The physical action of getting out the door to train for a half marathon, go to a yoga class, ride a bike for an hour or swim five laps in the pool is easy. Yes, easy.  It is our thinking that poses a problem. Our mind is an unruly child who needs to be put in a time-out. We self sabotage and negotiate – it’s too cold outside, I’m too tired, I don’t have time – when really what we should be doing is moving and not thinking at all.

I am convinced that “exercise over-thinking,” as I call it, is why many people don’t start or maintain their fitness programs. We talk ourselves out of things. We make excuses. Then we beat ourselves up for talking ourselves out of things and making excuses. By that time, we feel so cruddy and worthless, that why bother working out at all? It is a nasty cycle.

Confession: I used to be an “exercise over-thinker.” I would put off my workouts, giving myself every reason to not get out the door. This is before I learned the value of writing a plan and sticking to it. Of laying out my clothes the night before and visualizing my workout the next day in detail. Of never giving myself an out unless I was sick or injured. Of keeping my mind out of it.

We are human. We will find reasons to not challenge ourselves, to not do tough things. Ask yourself why you don’t follow through. Are you afraid of failing? Does the fear of change paralyze you? Digging deep for answers might produce unexpected results.

What is needed is a jump start just like that car with the dead battery that’s been sitting in the driveway for weeks. Long hours spent on the couch, neglecting our bodies or simply being removed from them makes it challenging to take that first step and to get moving. Some of us don’t really want to work hard. Others have goals, but don’t know how to reach them, so they give up. The mind is a powerful thing. Give it an out and it will take it. Challenge it to persevere and it follows suit.

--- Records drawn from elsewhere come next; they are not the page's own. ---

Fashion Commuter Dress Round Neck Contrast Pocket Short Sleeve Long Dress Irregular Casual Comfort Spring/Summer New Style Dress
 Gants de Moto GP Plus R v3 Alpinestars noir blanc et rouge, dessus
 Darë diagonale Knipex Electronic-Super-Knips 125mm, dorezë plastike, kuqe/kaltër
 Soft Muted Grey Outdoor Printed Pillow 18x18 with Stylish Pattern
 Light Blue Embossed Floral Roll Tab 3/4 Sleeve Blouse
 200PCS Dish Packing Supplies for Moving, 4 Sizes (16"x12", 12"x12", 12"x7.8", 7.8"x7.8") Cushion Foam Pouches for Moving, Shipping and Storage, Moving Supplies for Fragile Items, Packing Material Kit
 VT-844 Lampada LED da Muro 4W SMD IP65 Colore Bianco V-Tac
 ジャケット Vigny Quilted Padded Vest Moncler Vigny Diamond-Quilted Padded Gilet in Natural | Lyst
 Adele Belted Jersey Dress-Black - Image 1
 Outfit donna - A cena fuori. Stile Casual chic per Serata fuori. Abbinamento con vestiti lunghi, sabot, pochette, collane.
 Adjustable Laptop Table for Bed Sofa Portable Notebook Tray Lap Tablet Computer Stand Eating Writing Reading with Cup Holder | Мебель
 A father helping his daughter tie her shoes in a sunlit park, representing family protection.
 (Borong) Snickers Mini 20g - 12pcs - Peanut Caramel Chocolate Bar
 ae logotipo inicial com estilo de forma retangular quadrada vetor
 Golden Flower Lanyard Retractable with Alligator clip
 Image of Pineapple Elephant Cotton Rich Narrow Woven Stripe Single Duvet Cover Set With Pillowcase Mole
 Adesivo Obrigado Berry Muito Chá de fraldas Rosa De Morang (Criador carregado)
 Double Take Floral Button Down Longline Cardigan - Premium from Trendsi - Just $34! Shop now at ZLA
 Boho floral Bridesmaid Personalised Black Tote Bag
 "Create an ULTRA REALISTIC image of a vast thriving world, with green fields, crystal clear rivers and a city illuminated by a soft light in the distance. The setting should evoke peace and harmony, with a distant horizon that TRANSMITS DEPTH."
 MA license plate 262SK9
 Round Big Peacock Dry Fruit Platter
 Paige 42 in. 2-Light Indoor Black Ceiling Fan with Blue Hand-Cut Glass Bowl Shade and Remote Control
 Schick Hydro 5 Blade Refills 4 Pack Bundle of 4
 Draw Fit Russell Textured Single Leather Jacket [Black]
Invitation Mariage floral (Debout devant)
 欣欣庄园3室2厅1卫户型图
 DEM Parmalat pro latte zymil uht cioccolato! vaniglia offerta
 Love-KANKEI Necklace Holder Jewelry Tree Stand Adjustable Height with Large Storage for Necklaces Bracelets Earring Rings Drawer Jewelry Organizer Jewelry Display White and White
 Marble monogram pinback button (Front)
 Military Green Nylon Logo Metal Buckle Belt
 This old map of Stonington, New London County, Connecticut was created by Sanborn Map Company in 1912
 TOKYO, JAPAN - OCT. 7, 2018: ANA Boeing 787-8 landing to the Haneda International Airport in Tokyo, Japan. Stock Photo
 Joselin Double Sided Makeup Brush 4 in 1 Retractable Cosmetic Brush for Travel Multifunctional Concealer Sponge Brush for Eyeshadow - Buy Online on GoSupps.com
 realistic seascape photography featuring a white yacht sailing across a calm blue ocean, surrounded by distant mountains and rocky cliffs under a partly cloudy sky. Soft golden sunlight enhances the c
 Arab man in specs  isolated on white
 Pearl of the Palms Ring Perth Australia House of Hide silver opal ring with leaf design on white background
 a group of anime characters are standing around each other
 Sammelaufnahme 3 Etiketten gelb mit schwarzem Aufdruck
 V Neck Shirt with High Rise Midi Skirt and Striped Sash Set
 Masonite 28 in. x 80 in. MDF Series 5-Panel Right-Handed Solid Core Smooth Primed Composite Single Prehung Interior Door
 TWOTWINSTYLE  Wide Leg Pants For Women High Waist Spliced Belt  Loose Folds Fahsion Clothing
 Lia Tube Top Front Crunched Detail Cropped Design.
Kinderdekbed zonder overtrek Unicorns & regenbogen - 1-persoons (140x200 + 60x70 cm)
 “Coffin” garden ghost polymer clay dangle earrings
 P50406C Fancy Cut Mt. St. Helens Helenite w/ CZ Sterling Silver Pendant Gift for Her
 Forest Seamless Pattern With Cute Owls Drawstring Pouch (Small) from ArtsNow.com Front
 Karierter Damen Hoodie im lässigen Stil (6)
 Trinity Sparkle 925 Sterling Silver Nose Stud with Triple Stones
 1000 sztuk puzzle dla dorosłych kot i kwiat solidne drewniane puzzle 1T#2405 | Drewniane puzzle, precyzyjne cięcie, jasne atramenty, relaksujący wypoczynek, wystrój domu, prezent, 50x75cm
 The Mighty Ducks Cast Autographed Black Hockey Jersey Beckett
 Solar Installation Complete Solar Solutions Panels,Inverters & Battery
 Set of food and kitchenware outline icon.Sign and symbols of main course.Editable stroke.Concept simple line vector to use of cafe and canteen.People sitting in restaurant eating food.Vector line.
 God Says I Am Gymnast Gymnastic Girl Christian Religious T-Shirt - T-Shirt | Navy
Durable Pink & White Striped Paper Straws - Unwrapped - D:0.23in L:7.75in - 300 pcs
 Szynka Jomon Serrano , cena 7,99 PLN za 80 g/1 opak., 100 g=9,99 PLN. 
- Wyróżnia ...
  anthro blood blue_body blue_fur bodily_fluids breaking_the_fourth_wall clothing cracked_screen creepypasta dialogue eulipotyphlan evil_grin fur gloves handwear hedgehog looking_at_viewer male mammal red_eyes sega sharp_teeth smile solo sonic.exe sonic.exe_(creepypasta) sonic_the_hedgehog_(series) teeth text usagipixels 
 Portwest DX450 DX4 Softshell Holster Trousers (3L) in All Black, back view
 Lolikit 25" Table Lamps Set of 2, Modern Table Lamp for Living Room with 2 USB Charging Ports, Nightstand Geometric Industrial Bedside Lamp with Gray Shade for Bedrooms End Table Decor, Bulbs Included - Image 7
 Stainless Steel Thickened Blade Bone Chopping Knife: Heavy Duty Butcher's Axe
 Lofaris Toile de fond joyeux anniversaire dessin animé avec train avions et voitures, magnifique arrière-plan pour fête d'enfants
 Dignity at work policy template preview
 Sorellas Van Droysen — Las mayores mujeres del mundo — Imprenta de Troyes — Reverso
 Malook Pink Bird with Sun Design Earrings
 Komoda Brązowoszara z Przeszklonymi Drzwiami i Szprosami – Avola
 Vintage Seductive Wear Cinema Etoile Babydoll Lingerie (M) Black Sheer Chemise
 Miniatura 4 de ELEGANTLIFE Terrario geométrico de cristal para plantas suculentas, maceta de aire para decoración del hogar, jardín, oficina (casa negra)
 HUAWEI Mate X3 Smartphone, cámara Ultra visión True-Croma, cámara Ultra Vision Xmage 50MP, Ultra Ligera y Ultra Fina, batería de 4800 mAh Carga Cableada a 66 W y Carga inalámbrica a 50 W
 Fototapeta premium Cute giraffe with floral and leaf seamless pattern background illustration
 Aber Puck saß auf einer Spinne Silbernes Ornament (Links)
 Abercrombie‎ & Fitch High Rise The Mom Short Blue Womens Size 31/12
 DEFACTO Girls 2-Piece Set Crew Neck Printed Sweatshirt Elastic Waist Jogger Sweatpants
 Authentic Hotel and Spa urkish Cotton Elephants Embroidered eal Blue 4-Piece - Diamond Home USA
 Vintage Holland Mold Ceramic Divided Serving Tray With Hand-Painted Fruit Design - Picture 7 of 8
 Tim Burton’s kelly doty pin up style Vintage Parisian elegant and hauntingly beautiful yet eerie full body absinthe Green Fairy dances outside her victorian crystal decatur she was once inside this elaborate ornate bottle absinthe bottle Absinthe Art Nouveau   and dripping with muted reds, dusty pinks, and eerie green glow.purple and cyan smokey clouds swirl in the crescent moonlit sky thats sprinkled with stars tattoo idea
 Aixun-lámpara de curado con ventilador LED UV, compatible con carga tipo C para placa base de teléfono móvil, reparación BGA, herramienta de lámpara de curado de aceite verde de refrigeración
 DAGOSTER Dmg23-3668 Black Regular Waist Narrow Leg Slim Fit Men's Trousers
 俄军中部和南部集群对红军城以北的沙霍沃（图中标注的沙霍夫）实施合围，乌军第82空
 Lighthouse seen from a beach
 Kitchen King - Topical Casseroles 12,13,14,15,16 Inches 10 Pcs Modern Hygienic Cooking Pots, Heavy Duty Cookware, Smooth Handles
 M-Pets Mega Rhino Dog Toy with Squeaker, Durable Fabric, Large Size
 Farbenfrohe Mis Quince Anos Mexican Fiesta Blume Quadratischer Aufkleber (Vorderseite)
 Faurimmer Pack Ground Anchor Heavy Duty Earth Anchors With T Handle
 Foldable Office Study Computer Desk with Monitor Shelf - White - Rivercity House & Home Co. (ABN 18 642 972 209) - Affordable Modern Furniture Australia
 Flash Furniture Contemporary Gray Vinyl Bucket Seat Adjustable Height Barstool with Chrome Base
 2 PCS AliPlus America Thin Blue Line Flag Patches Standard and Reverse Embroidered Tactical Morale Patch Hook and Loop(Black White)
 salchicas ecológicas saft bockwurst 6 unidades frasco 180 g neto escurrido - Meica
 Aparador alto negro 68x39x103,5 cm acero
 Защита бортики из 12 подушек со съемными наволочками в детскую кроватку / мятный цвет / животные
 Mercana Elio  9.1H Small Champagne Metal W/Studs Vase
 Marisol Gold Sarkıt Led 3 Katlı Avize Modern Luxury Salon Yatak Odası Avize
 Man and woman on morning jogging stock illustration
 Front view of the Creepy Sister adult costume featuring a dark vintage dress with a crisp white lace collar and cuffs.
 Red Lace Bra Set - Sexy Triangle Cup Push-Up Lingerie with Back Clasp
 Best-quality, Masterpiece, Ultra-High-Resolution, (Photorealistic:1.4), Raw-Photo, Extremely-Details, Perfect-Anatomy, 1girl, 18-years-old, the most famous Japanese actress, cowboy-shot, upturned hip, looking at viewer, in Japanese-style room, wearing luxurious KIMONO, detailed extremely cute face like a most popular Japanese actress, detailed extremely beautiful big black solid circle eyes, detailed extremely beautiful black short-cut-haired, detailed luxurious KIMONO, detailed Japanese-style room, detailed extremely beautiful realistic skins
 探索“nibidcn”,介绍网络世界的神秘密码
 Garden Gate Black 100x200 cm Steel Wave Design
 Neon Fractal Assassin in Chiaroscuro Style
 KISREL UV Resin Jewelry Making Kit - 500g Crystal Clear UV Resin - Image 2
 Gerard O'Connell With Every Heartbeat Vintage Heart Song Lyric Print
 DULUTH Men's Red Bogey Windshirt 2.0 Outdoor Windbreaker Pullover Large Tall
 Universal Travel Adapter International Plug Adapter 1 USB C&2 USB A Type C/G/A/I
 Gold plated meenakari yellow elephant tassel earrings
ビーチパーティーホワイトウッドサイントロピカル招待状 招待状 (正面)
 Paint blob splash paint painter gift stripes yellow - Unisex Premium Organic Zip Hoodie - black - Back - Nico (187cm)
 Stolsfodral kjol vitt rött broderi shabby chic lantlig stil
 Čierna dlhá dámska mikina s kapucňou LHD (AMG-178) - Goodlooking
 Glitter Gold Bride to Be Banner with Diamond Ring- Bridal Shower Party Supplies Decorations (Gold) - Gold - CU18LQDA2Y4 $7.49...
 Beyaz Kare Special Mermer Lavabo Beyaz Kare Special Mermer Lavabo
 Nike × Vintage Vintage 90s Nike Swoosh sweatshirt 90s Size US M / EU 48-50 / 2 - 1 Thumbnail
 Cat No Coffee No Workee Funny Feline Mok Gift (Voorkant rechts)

There are stories of inspiration everywhere. Unfortunately, those are often overshadowed by the tales of laziness, poor eating habits, or lengthy time in front of the television or computer. Most are not walking the walk. Talk is typically about what people are planning to do (diet, start a new exercise plan). It is less common to hear people talk about eating clean everyday, getting enough sleep and sunlight, and actively and routinely exercising. These people are just doing it, not talking about it. It is how they live every single day. There are no resolutions or gimmicks, no Hollywood Cookie Diets. It is a way of life. One that provides self-satisfaction and accomplishment.

Tips to get started and stay motivated:

  • Get rid of the excuses. No one is too old, too tired, too unfit or too busy to start an exercise program. You just have to make it a priority.
  • Start small. Make your exercise goals achievable and reasonable. You will be more likely to follow through.
  • Keep it simple. No need to spend $100 month to join a gym or to buy expensive gear. Get out for a walk or short run. Invest in a yoga DVD and do it in your living room.
  • Have a plan for the week and write it down. Post it in a visible spot like the refrigerator, not in the bottom of your sock drawer.
  • Make it easy to get out the door. Lay out clothing, set out water bottles, pre-program the coffee maker, whatever it takes.
  • Pick a goal. Sign up for a 5K race or join a 30-day yoga challenge. Making a solid commitment increases your chances that you will stick to your plan.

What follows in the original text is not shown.